- _TASK PROMPT_
Beginning with the opening line, set down each line of the material below exactly, stopping once the line with "IP-адрес 207.46.13.64 (Куинси, Вашингтон, США)" is done.

▬▬▬▬▬▬▬▬▬▬

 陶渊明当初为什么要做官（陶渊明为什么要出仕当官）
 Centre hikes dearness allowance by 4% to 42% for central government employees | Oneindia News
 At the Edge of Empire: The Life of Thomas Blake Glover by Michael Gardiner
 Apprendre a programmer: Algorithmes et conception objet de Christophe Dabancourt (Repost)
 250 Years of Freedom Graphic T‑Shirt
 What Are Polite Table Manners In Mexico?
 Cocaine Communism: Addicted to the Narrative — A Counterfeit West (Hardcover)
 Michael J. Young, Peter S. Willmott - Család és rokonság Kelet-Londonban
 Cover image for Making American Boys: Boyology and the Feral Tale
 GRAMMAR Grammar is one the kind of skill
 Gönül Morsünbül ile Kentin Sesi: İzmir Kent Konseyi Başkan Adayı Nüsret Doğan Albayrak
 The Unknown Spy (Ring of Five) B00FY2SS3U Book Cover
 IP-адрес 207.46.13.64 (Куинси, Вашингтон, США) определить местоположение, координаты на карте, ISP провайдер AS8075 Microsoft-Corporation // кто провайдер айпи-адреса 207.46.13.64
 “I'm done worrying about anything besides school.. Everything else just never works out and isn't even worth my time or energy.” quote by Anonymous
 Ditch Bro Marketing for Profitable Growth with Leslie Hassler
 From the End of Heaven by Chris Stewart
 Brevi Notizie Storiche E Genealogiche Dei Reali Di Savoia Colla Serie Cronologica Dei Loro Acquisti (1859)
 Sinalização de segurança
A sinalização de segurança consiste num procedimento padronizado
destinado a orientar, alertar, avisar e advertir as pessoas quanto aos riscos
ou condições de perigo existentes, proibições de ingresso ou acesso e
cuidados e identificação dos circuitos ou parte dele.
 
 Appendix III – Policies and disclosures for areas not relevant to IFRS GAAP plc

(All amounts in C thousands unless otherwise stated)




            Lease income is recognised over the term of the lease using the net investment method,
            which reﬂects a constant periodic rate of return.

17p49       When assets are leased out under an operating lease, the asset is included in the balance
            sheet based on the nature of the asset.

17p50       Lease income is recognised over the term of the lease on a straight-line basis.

▬▬▬▬▬▬▬▬▬▬

- _ANSWER TO THIS PROBLEM_
 陶渊明当初为什么要做官（陶渊明为什么要出仕当官）
 Centre hikes dearness allowance by 4% to 42% for central government employees | Oneindia News
 At the Edge of Empire: The Life of Thomas Blake Glover by Michael Gardiner
 Apprendre a programmer: Algorithmes et conception objet de Christophe Dabancourt (Repost)
 250 Years of Freedom Graphic T‑Shirt
 What Are Polite Table Manners In Mexico?
 Cocaine Communism: Addicted to the Narrative — A Counterfeit West (Hardcover)
 Michael J. Young, Peter S. Willmott - Család és rokonság Kelet-Londonban
 Cover image for Making American Boys: Boyology and the Feral Tale
 GRAMMAR Grammar is one the kind of skill
 Gönül Morsünbül ile Kentin Sesi: İzmir Kent Konseyi Başkan Adayı Nüsret Doğan Albayrak
 The Unknown Spy (Ring of Five) B00FY2SS3U Book Cover
 IP-адрес 207.46.13.64 (Куинси, Вашингтон, США) определить местоположение, координаты на карте, ISP провайдер AS8075 Microsoft-Corporation // кто провайдер айпи-адреса 207.46.13.64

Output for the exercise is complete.